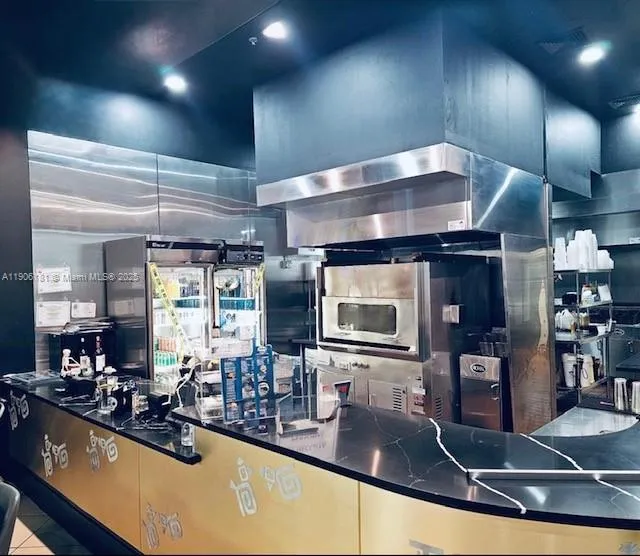 11401 NW 12th St, Sweetwater FL 33172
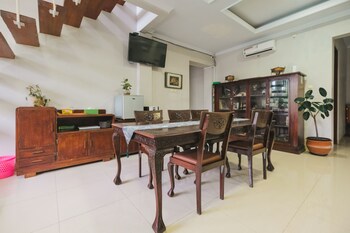 villa prambanan jogja with private swimming pool by simply homy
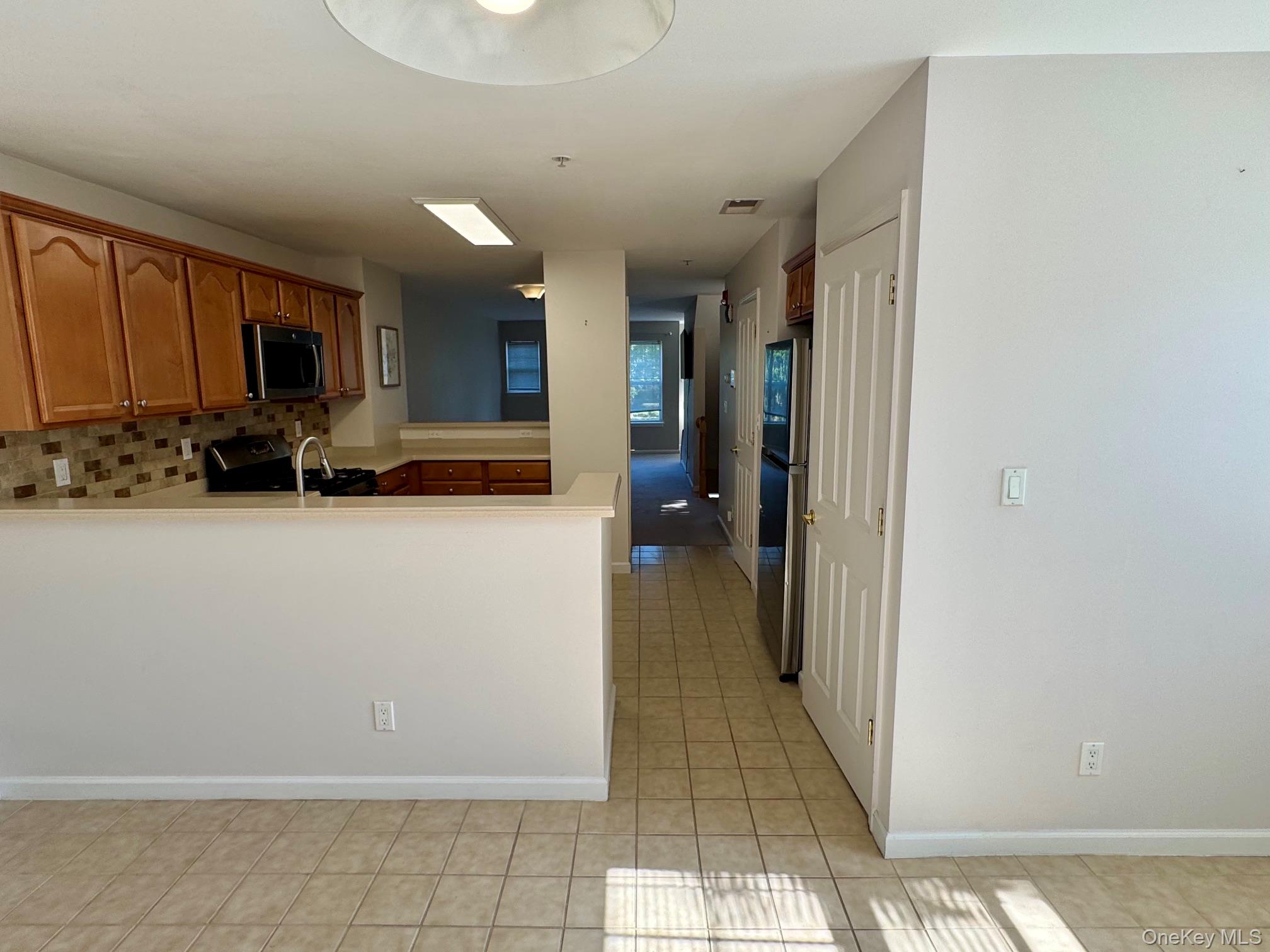 25 Fairways Drive 5 Property Photo 11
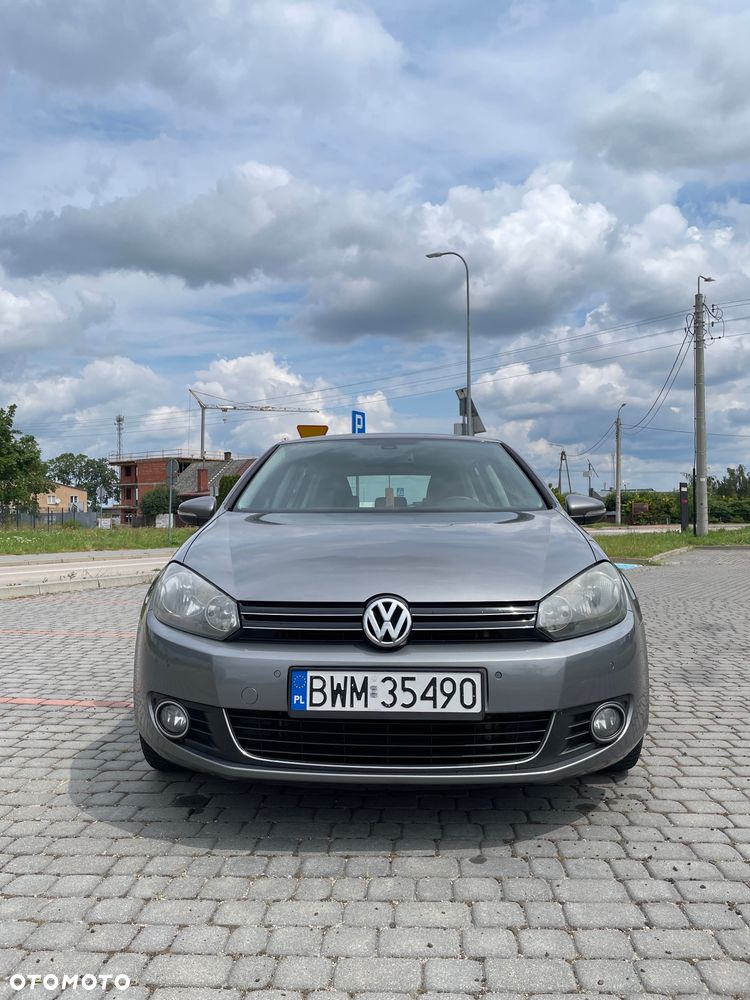 Volkswagen Golf 2.0 TDI Highline - 17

▶ What the task requires
Give the listing again exactly, but omit each image.

▶ Response to the exercise
 11401 NW 12th St, Sweetwater FL 33172
 villa prambanan jogja with private swimming pool by simply homy
 25 Fairways Drive 5 Property Photo 11
 Volkswagen Golf 2.0 TDI Highline - 17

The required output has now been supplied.